### Aim of the exercise
With the pictures left out, retype exactly the lines below starting at the line that contains "Lot 2 Spring Creek Rd, Mowbray QLD 4877" and ending at the line that contains "Kat vermist!, Dieren en Toebehoren".

### Extracted information
□ □ □ □

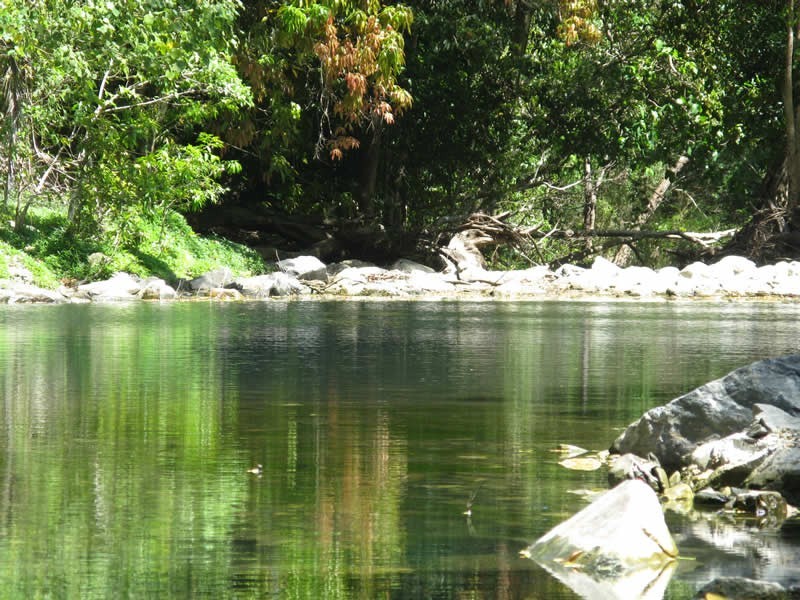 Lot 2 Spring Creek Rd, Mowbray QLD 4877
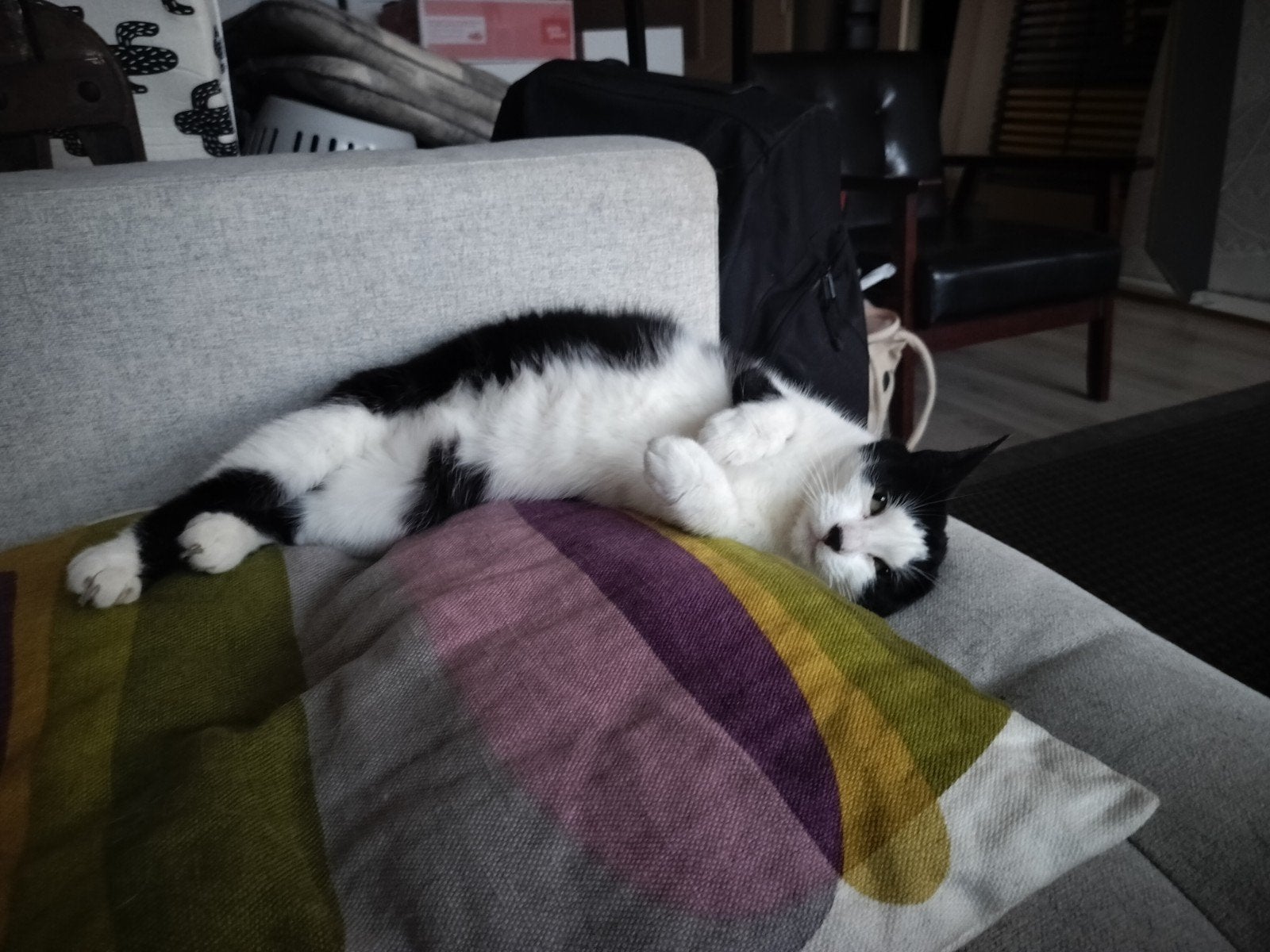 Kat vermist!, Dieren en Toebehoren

□ □ □ □

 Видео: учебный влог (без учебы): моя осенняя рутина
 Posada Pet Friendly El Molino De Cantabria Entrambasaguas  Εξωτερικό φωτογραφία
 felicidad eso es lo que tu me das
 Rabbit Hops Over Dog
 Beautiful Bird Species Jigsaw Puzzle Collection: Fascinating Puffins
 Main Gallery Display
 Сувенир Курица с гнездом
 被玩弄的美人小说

□ □ □ □

### Output of the task
 Lot 2 Spring Creek Rd, Mowbray QLD 4877
 Kat vermist!, Dieren en Toebehoren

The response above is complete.